To examine the effects and safety of titrated oral misoprostol compared with placebo, oxytocin, other interventions, or no active treatment, in women with labour dystocia.

SEARCH METHODS:

The Trials Search Co-ordinator of the Cochrane Pregnancy and Childbirth Group searched the Cochrane Pregnancy and Childbirth Group's Trials Register; date of search: 29 May 2013. We also searched the reference lists of retrieved studies

SELECTION CRITERIA:

Randomised trials (including quasi-randomised and cluster-randomised trials) comparing titrated oral misoprostol with placebo, other interventions (e.g. oxytocin, other prostaglandins), or no treatment in women requiring augmentation of labour were eligible for inclusion.

DATA COLLECTION AND ANALYSIS:

Two review authors independently assessed eligibility for inclusion, carried out data extraction and assessed risk of bias in included studies. Data were entered by one author and checked for accuracy.

MAIN RESULTS:

We included two randomised trials with a total of 581 women each comparing different regimens of titrated oral misoprostol with intravenous oxytocin. One study compared 20 mcg doses of misoprostol dissolved in water (repeated every hour up to four hours, after which the dose was increased to 40 mcg per hour up to a maximum total dose of 1600 mcg), while the second study gave women 75 mcg doses (repeated after four hours provided there were no adverse effects observed).Neither trial reported maternal death, severe maternal morbidity, or fetal/neonatal mortality outcomes, and only a few fetal/neonatal morbidity outcomes were considered, none of which were significantly different between groups. For several outcomes (such as maternal side-effects, instrumental birth, maternal blood transfusion for hypovolaemia and epidural analgesia), the number of events was generally too low for sufficient statistical power to be achieved. Maternal satisfaction was not reported in either trial.
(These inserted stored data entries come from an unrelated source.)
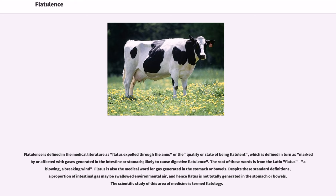Flatulence is defined in the medical literature as flatus expelled through the anus, or the quality or state of being flatulent, which is defined in turn as marked by or affected with gases generated in the intestine or stomach, likely to cause digestive flatulence. The root of these words is from the Latin flatus, a blowing or breaking wind.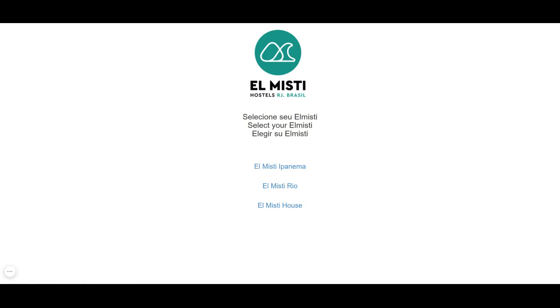Hi, it's Julia here and today I'm going to show you how to make your online check-in at El Misti Hostels Rio de Janeiro, Brasil. You can do it right after receiving the email that confirms your reservation, even if it's in six months.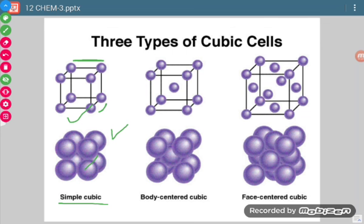In the case of body-centered cubic, there is one lattice point at the body center of the cube. Because of its presence, there is a slight gap between the corner atoms. So the edge length will not be the same as in simple cubic, due to the presence of the lattice point at the center.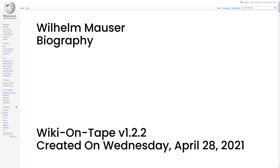The rifle was adopted as the Gewehr 71 or Infantry Gewehr 71 and was the first metal cartridge weapon of the German Empire.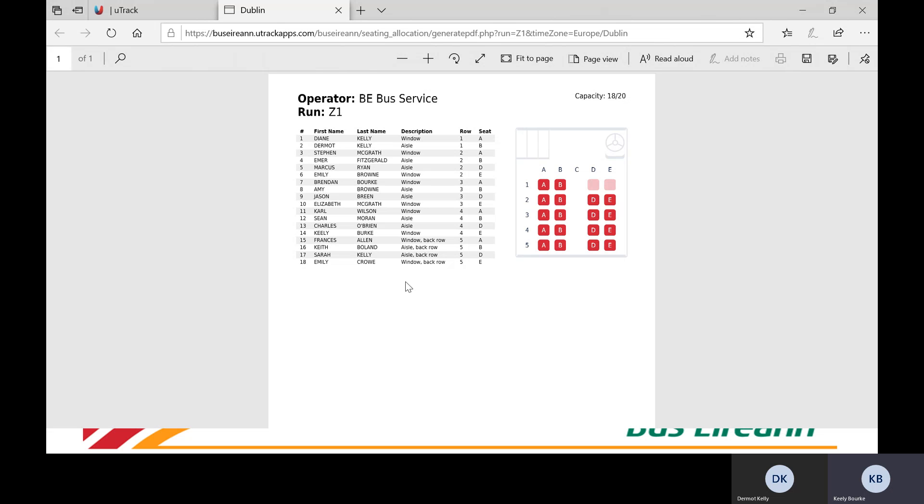Once you have entered in the passcode and converted the grid to a PDF document, you can then download and email the list to your drivers or you can print the document and display the list on your vehicle.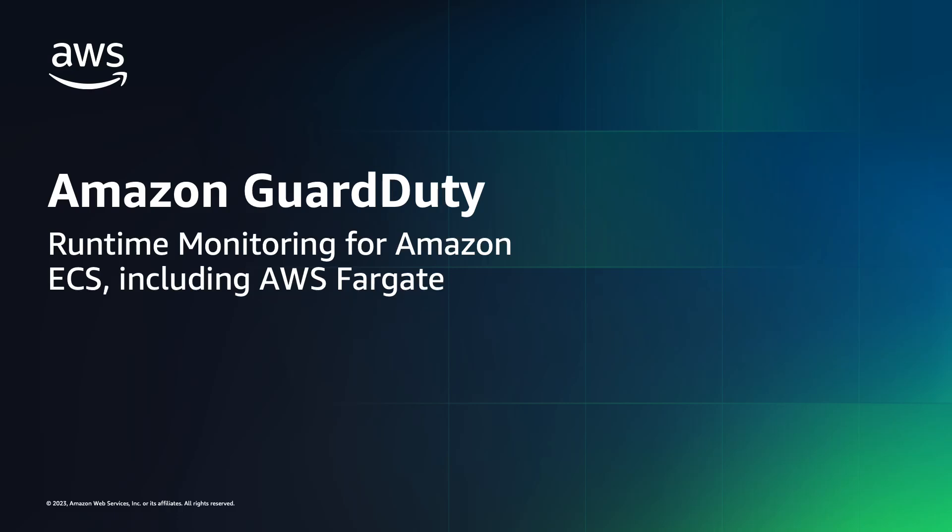Hello, everyone. This demo will cover how to activate Amazon GuardDuty ECS runtime monitoring for instances running on Fargate.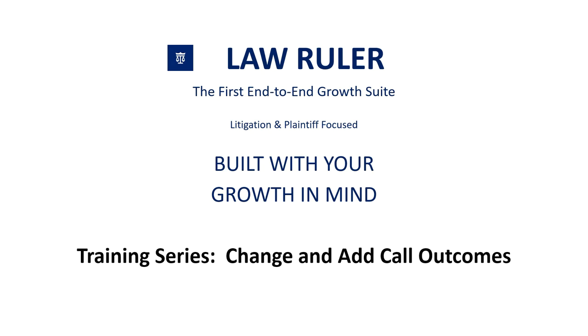Hello everyone, thank you for choosing Law Ruler. My name is Matthew Dufresne and today we're going to be going over how to change and add call outcomes. Law Ruler makes changing or adding call outcomes a very simple and seamless process.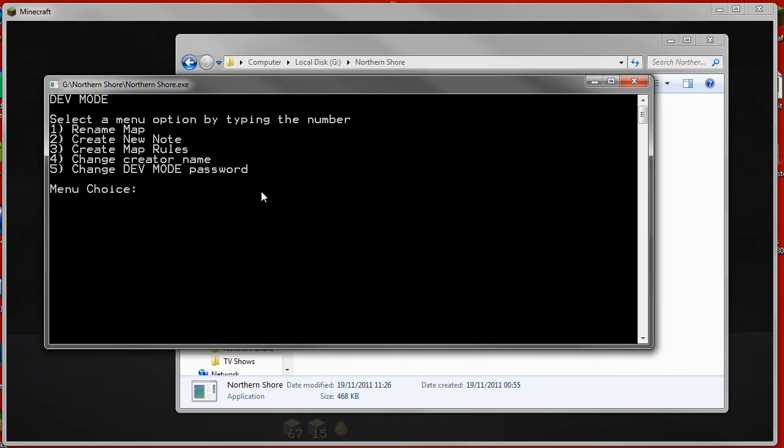The new note, new rules and change password features aren't being worked on yet. I haven't got around to those on my to-do list. The rename map and the change creator name are the two features that I'm working on at the moment. They aren't working yet. They were working yesterday, but because of some changes they've bugged out a bit and I haven't fixed them yet.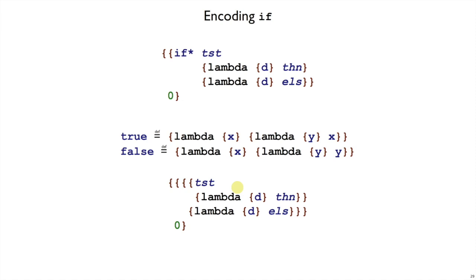I'll note also that there's no way to tell the difference between a boolean and just a procedure in this language. We're using this encoding, it's a lot like using zero and one in C to represent booleans. Those are also just numbers, and it depends on how you use them.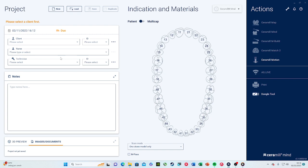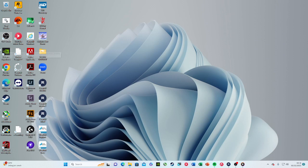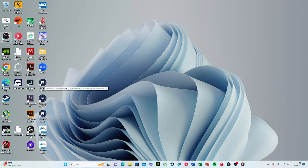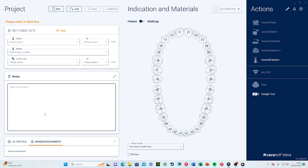This is the software — Ceramill Mine is the design software. On the other side there is Ceramill Match, which is the nesting software, and Ceramill Motion is the software to run the milling machine — a five-axis hybrid machine. But today what I'll be talking about is Ceramill Mine, the design software.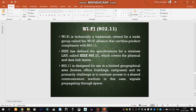Wi-Fi, formally known as Wireless Fidelity, covers the physical and data link layers. 802.11 is designed for use in limited geographical areas — basically within homes, office buildings, and campuses. Its primary challenge is to mediate access to a shared communication medium.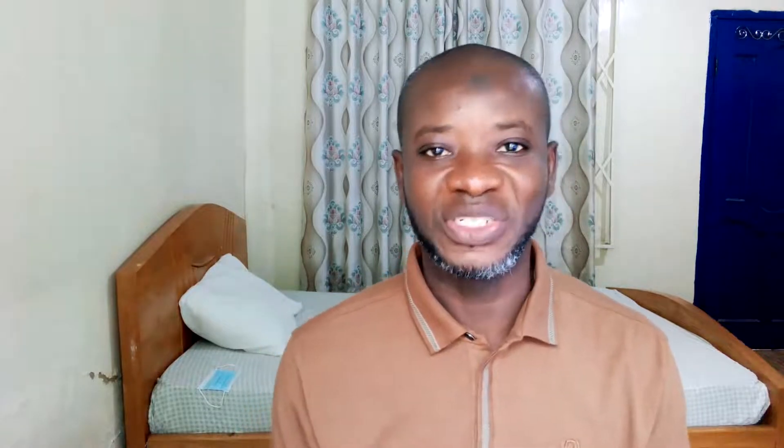This is Sandek here at ThicklePagesWeb, where I do web tutorials just like this one. If you are new here, consider subscribing. That said, let's jump into the video.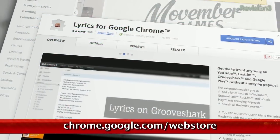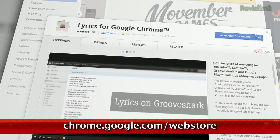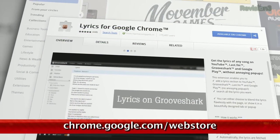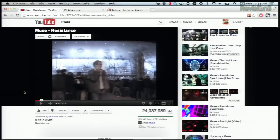If you love listening to music on YouTube or other sharing sites like Grooveshark, Last.fm, or Google Play, then you might want to check out the Chrome extension Lyrics for Google Chrome. This little app will search the database from Lyrics Wiki and show you the song lyrics at the tap of an icon in your address bar.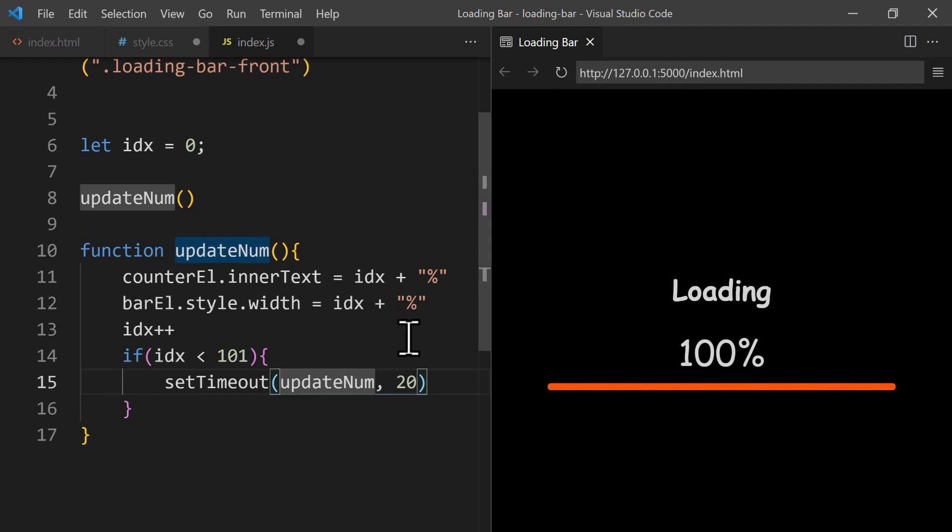If we refresh the browser we can see the bar changing width at the same time as the counter value. That was it for our project — it was a short project and I hope you enjoyed it and learned new things. See you in the next project.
One trial reported a slight reduction in the median duration of labour from the start of augmentation to vaginal delivery in the oxytocin group.Neither trial reported significantly higher rates of caesarean section (CS) in the oral misoprostol group. Rates of vaginal delivery within 12 and 24 hours of commencing augmentation were not significantly different in the trial using a 20 mcg misoprostol dose. Neither trial had significantly higher rates of uterine hyperstimulation with fetal heart rate changes in the titrated oral misoprostol group. However, the rates of this outcome varied so greatly between the two studies as to suggest that other factors were at play. The only significant differences between groups related to uterine hyperstimulation (without fetal heart rate changes), and results were not consistent in the two trials. In the trial examining the higher dose of misoprostol, more women in the misoprostol group experienced hyperstimulation of labour measured over a 10-minute period compared with those receiving oxytocin (risk ratio (RR) 1.17, 95% confidence interval (CI) 1.02 to 1.35, 350 women). In the study examining the lower titrated dose of misoprostol, there was a lower incidence of tachysystole when labour was augmented with titrated oral misoprostol than with oxytocin (RR 0.39, 95% CI 0.17 to 0.91, 231 women) with no occurrences of hypertonus in either group of women.

AUTHORS' CONCLUSIONS:

Important uncertainties still exist on the safety and acceptability of titrated oral misoprostol compared with intravenous oxytocin regimens in women with dystocia following spontaneous onset of labour. Although in facilities where electronic oxytocin infusion is not available, low-dose titrated misoprostol may offer a better alternative to an uncontrolled oxytocin infusion to avoid hyperstimulation. Further research is needed in both high- and low-resource settings More trials should be conducted to evaluate the effect of a standard titration oral misoprostol regimen, both following spontaneous labour and labour induction. Comparisons with other augmentation methods are also warranted, as are any effects on women's birth experiences.